**Prompt:** The reply must contain all of the records, unchanged.

Excerpts from a dataset
□ □ □ □ □ □ □

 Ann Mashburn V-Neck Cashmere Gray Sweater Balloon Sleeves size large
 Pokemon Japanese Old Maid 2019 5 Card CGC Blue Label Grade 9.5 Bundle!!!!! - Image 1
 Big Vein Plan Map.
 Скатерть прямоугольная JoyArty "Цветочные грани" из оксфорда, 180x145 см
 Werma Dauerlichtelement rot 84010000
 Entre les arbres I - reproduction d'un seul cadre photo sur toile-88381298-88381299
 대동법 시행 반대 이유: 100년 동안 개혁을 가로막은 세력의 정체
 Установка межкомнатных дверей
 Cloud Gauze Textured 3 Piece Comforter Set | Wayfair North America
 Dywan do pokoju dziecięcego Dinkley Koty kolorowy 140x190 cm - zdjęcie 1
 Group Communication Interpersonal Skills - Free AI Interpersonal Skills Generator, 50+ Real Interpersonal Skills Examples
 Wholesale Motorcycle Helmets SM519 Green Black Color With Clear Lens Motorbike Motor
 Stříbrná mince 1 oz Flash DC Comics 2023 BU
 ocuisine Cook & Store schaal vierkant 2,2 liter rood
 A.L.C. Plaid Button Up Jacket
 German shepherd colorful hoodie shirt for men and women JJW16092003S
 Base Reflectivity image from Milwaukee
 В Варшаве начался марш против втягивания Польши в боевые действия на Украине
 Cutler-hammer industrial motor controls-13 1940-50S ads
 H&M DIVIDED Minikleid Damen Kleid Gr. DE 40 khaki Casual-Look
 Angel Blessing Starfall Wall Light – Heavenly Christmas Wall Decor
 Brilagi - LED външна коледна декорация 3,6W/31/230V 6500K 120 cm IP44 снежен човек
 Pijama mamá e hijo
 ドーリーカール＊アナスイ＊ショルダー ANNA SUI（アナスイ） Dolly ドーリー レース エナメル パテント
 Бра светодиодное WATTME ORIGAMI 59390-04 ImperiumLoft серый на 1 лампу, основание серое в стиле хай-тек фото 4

□ □ □ □ □ □ □

**Response to the exercise:**
 Ann Mashburn V-Neck Cashmere Gray Sweater Balloon Sleeves size large
 Pokemon Japanese Old Maid 2019 5 Card CGC Blue Label Grade 9.5 Bundle!!!!! - Image 1
 Big Vein Plan Map.
 Скатерть прямоугольная JoyArty "Цветочные грани" из оксфорда, 180x145 см
 Werma Dauerlichtelement rot 84010000
 Entre les arbres I - reproduction d'un seul cadre photo sur toile-88381298-88381299
 대동법 시행 반대 이유: 100년 동안 개혁을 가로막은 세력의 정체
 Установка межкомнатных дверей
 Cloud Gauze Textured 3 Piece Comforter Set | Wayfair North America
 Dywan do pokoju dziecięcego Dinkley Koty kolorowy 140x190 cm - zdjęcie 1
 Group Communication Interpersonal Skills - Free AI Interpersonal Skills Generator, 50+ Real Interpersonal Skills Examples
 Wholesale Motorcycle Helmets SM519 Green Black Color With Clear Lens Motorbike Motor
 Stříbrná mince 1 oz Flash DC Comics 2023 BU
 ocuisine Cook & Store schaal vierkant 2,2 liter rood
 A.L.C. Plaid Button Up Jacket
 German shepherd colorful hoodie shirt for men and women JJW16092003S
 Base Reflectivity image from Milwaukee
 В Варшаве начался марш против втягивания Польши в боевые действия на Украине
 Cutler-hammer industrial motor controls-13 1940-50S ads
 H&M DIVIDED Minikleid Damen Kleid Gr. DE 40 khaki Casual-Look
 Angel Blessing Starfall Wall Light – Heavenly Christmas Wall Decor
 Brilagi - LED външна коледна декорация 3,6W/31/230V 6500K 120 cm IP44 снежен човек
 Pijama mamá e hijo
 ドーリーカール＊アナスイ＊ショルダー ANNA SUI（アナスイ） Dolly ドーリー レース エナメル パテント
 Бра светодиодное WATTME ORIGAMI 59390-04 ImperiumLoft серый на 1 лампу, основание серое в стиле хай-тек фото 4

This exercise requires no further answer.